Problem details> Reproduce the entries shown below only from the line with "鑫远悦城(鑫远悦时代) 3室2厅1卫 90.0万 鑫远悦城(鑫远悦时代)" down to the line with "டைட்டானிக் கப்பல் வடிவில்", keeping both end lines and copying each one exactly.

Data excerpts
──────────────────────────────
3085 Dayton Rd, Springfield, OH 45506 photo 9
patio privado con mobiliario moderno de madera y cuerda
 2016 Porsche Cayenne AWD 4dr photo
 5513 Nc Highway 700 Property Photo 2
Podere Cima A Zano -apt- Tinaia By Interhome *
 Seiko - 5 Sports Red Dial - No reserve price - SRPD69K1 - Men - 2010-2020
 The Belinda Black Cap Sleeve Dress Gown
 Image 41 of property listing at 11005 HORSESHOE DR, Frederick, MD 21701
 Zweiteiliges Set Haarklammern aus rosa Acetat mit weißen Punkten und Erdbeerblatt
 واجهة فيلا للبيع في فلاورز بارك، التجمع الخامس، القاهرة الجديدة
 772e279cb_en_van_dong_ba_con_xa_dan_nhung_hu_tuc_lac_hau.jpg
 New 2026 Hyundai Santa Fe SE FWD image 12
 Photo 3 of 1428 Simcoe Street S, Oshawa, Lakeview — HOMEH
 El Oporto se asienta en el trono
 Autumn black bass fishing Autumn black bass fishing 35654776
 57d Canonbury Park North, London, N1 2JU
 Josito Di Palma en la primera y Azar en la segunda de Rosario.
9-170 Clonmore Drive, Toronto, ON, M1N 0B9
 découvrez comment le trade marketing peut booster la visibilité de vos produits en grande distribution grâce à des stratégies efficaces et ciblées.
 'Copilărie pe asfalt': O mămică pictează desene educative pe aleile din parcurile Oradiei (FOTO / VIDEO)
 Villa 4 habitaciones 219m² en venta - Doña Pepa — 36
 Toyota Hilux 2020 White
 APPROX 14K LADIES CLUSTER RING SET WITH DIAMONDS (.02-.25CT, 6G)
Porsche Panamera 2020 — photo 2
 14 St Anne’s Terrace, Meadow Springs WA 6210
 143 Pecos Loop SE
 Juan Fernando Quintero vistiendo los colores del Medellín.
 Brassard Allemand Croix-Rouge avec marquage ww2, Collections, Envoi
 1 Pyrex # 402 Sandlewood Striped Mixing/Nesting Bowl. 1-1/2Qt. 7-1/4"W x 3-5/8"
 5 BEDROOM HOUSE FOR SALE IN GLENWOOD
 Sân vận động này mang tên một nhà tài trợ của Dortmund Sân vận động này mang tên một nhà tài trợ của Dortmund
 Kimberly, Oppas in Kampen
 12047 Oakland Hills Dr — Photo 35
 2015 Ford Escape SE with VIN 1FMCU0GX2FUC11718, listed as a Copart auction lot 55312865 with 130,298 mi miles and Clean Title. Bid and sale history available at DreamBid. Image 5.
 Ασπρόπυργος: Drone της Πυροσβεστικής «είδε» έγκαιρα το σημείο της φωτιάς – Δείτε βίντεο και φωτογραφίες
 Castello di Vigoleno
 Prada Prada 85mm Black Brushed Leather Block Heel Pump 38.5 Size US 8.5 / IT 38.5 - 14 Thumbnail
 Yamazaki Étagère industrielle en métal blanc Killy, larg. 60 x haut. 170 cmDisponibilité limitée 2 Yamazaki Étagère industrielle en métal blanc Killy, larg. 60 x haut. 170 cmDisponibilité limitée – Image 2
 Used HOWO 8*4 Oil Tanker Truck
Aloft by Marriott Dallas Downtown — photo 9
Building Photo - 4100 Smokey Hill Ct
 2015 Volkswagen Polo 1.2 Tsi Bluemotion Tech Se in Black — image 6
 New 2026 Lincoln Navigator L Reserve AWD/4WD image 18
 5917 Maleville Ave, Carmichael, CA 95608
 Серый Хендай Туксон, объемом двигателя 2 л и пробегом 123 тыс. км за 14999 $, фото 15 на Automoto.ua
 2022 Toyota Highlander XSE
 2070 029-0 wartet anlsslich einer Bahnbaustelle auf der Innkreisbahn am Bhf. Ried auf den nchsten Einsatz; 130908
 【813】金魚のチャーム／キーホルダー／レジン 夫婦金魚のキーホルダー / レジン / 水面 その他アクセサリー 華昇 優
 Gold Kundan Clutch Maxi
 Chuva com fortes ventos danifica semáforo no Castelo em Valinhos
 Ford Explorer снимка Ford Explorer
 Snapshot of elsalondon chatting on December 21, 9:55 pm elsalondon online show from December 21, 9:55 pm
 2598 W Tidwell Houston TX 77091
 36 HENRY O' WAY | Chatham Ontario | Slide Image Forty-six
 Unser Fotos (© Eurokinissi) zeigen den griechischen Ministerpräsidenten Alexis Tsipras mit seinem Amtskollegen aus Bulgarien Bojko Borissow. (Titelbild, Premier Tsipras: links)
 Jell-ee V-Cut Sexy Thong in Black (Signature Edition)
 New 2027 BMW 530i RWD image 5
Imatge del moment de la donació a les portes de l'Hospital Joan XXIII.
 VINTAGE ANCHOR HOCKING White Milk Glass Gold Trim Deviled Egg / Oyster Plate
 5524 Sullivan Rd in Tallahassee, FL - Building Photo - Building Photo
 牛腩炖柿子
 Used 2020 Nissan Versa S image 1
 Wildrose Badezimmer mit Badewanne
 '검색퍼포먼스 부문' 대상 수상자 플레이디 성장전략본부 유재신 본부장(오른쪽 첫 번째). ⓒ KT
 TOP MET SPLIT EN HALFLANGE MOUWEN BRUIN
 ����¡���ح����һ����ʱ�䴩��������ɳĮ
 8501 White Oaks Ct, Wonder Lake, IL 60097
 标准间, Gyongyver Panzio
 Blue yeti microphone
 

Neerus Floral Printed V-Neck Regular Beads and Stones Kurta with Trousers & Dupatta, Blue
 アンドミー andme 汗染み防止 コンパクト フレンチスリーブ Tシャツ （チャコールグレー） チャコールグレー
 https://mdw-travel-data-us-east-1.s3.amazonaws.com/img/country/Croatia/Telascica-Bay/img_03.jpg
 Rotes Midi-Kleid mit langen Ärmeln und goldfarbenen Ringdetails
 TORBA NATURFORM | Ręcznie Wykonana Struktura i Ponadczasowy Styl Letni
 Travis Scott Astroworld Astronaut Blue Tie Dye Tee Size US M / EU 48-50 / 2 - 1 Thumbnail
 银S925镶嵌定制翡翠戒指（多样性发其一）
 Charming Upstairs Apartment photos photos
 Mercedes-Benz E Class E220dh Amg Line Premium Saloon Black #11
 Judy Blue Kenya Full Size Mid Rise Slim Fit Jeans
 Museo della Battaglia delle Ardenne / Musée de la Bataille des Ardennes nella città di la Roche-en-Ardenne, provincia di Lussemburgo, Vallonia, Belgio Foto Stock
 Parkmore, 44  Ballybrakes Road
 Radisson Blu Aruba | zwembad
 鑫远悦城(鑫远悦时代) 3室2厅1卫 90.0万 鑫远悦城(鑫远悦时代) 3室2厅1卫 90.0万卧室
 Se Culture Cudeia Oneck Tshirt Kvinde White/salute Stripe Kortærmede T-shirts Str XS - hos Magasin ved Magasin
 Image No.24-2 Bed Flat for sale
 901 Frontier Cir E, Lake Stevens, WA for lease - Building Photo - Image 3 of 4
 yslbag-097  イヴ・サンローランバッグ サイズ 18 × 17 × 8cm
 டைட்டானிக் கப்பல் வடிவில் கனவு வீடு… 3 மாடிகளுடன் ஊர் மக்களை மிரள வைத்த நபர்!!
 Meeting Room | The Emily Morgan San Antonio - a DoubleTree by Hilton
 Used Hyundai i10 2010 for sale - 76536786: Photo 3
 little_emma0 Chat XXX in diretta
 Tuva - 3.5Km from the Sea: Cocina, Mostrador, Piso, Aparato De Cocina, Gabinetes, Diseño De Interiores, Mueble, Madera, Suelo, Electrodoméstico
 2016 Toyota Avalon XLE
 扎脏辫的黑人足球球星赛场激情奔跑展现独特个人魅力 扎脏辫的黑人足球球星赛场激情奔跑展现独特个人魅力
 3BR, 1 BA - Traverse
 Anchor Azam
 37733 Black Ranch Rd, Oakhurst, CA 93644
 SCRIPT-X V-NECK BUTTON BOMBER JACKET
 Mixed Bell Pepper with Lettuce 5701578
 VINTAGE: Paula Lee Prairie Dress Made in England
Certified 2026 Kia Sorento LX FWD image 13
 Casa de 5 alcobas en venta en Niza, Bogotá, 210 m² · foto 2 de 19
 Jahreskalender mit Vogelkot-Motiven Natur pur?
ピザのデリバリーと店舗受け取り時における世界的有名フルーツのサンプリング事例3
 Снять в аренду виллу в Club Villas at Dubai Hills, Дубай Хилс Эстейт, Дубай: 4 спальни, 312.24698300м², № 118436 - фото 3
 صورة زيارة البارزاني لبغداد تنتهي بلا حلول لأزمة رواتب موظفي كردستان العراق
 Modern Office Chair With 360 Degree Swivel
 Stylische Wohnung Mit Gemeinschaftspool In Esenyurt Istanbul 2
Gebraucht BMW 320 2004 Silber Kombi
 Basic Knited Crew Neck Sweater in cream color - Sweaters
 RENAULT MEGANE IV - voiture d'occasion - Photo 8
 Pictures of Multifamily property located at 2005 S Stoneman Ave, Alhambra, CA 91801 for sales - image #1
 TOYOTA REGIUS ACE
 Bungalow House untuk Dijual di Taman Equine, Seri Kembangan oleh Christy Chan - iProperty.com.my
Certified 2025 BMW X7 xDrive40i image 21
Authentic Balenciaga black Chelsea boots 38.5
──────────────────────────────
Response>
 鑫远悦城(鑫远悦时代) 3室2厅1卫 90.0万 鑫远悦城(鑫远悦时代) 3室2厅1卫 90.0万卧室
 Se Culture Cudeia Oneck Tshirt Kvinde White/salute Stripe Kortærmede T-shirts Str XS - hos Magasin ved Magasin
 Image No.24-2 Bed Flat for sale
 901 Frontier Cir E, Lake Stevens, WA for lease - Building Photo - Image 3 of 4
 yslbag-097  イヴ・サンローランバッグ サイズ 18 × 17 × 8cm
 டைட்டானிக் கப்பல் வடிவில் கனவு வீடு… 3 மாடிகளுடன் ஊர் மக்களை மிரள வைத்த நபர்!!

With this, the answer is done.